There are plenty of FTSE 100 stocks trading well below where they were a year ago. The stock market crash in March shaved chunks off the share prices of the UK’s largest companies. September’s sell-off trimmed gains that were made during the recovery that followed.
It’s a tricky time for investors. Right now, there are a lot of FTSE 100 stocks that – judging them on current prices only – look like bargains after the stock market crash. But, low prices do not always mean something is a bargain. It might just be of low quality. And we do not want to own low-quality stocks.
Cheap FTSE 100 stocks
Shares in BAE Systems, Compass Group, and BP all trade at a discount to where they were a year ago. I think their long-term prospects make them bargains and not just cheap, and that’s why I think it’s time to buy these three FTSE 100 stocks.
Shares in BAE systems traded at 669p before the crash. They can be had for 494p now, which is a 26% discount. Half-year results revealed earnings dropped by 15%. BAE makes electronic components for airliners, and that business has all but vanished. However, overall revenue growth has held up well.
BAE’s order book remains strong, particularly in the defence space. Government defence budgets are expected to grow in real terms, which is a long-term boon for BAE. The company’s management is confident about the medium- to long-term prospects for the firm. Evidence for the confidence comes from the decision to pay a delayed 2019 dividend in September and an interim 2020 one in November. The dividend yield should be around 4.9% on this stock.
The Covid-19 pandemic destroyed demand for Compass’s catering services. Revenue dropped 44% year-on-year for the three months up to June 2020. The share price of this FTSE 100 company is 1,230p now. That is 37% below its pre-crash stock price of 1,953p.
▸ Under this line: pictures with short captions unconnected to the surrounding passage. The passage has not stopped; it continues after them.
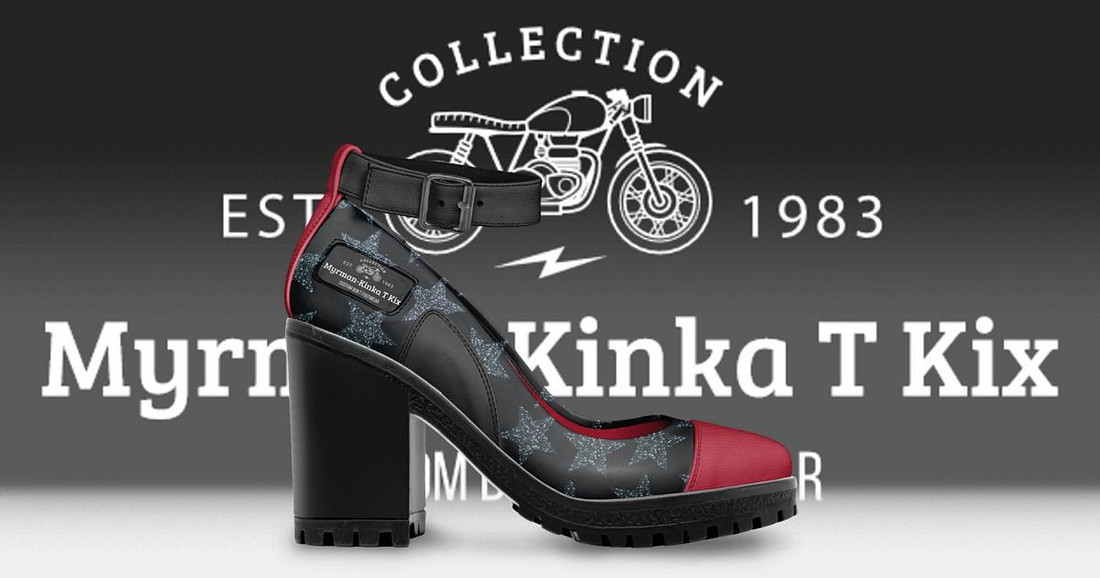Myrman - Kinka T Kix original Italian leather shoe line.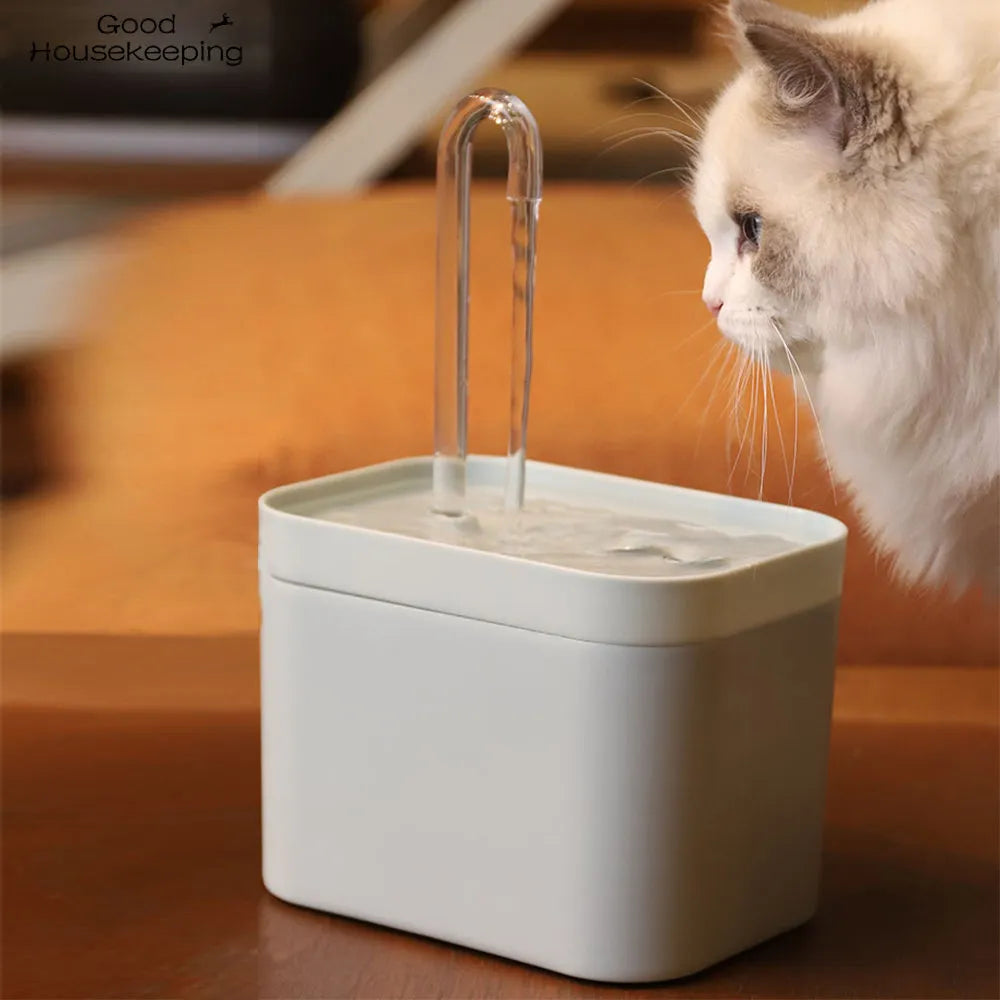 Cat Water Auto Filter Cat Drinker USB Electric Mute Recirculate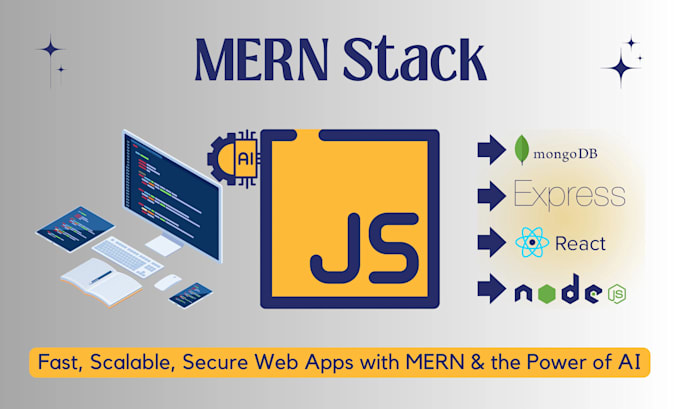 Gig Preview - Develop responsive web applications with mern and ai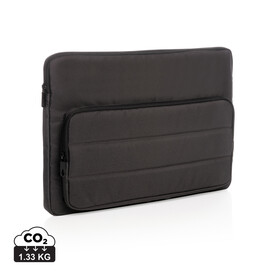 Impact AWARE™ RPET 15,6&amp;quot; Laptop-Sleeve schwarz bedrucken, Art.-Nr. P788.031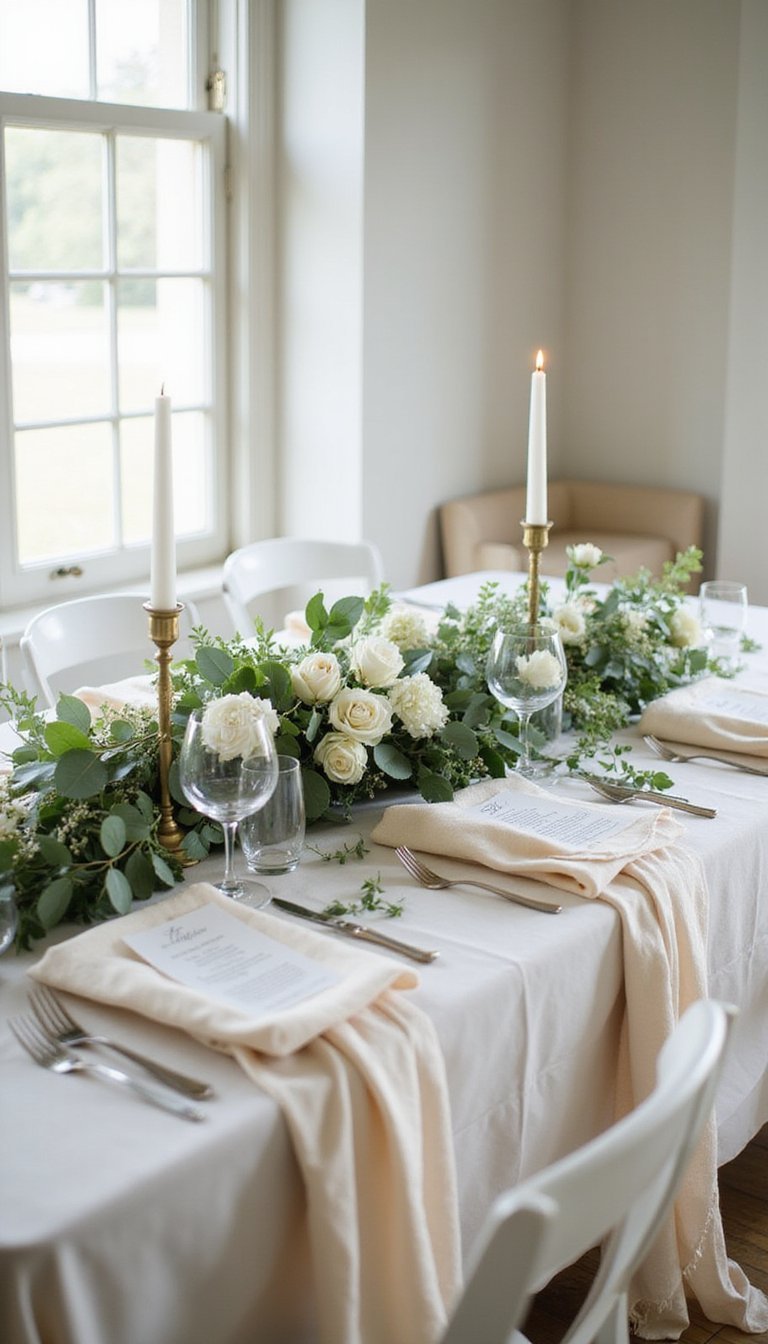 Guirnalda De Eucalipto Para Fiesta De Boda Íntima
However, demand is growing again for catering services. In China, they have recovered completely. In Europe and the US, office attendance is still below average. But this will improve over the months and years ahead. Compass benefited from a trend for companies to outsource catering. If fewer people work in offices in the future, I think this drives the trend forward. A reduced canteen service, which might need to be flexible, supports outsourcing.
Renewed energy
Suggesting that it is time to buy an oil and gas FTSE 100 stock, like BP, might sound mad, but oil won’t go away overnight. BP has got rid of underperforming assets, making it a more focused oil and gas company with lower costs. It bought a shale oil asset to diversify its revenue stream. The company is positioned to benefit from a recovery in oil prices.
BP’s gas assets should have a brighter future than its oil ones. Gas is cleaner than oil as an energy source and will stay a part of the energy production mix longer, as the world transitions to a renewable future. BP has already invested in non-oil and gas energy projects and is continuing to increase its wind, solar, and biopower capacity. Moving away from fossil fuels and towards alternatives gives BP a far longer future than its current share price suggests.